── GIVEN DATA ──

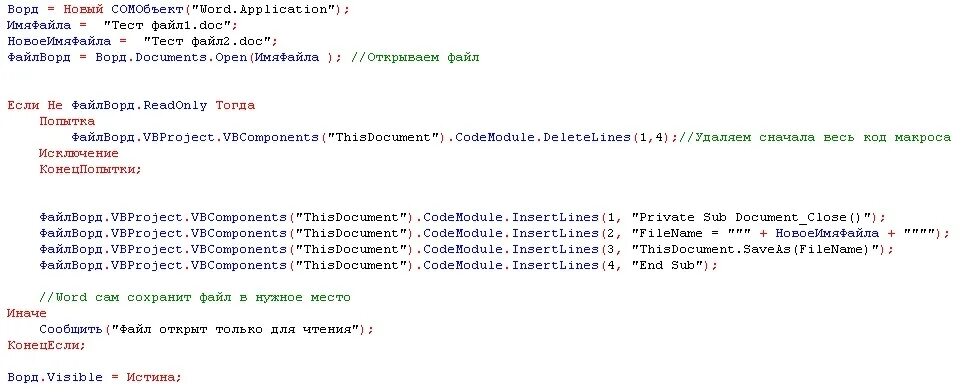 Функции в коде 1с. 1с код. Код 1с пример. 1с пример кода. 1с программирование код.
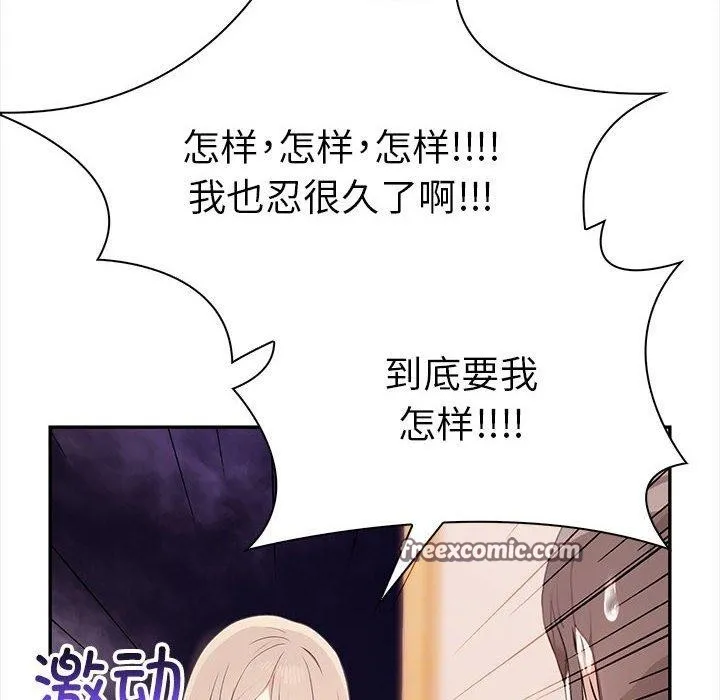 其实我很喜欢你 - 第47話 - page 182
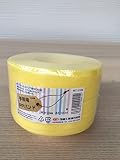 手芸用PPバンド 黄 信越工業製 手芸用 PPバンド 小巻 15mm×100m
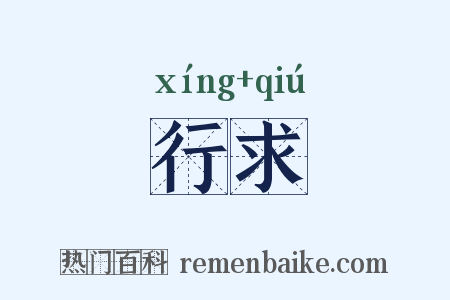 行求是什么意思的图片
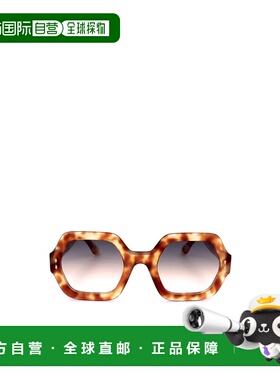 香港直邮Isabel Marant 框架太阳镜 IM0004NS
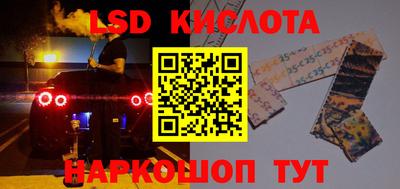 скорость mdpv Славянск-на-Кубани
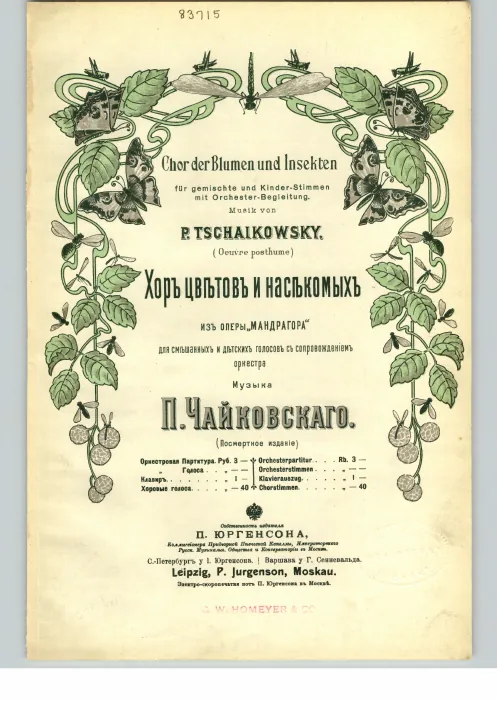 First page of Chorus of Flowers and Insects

───

ASSIGNED TASK: Where an entry includes an image, skip the image and return everything else exactly.

RESULT OF THIS TASK:
 Функции в коде 1с. 1с код. Код 1с пример. 1с пример кода. 1с программирование код.
 其实我很喜欢你 - 第47話 - page 182
 手芸用PPバンド 黄 信越工業製 手芸用 PPバンド 小巻 15mm×100m
 行求是什么意思的图片
 香港直邮Isabel Marant 框架太阳镜 IM0004NS
 скорость mdpv Славянск-на-Кубани
 First page of Chorus of Flowers and Insects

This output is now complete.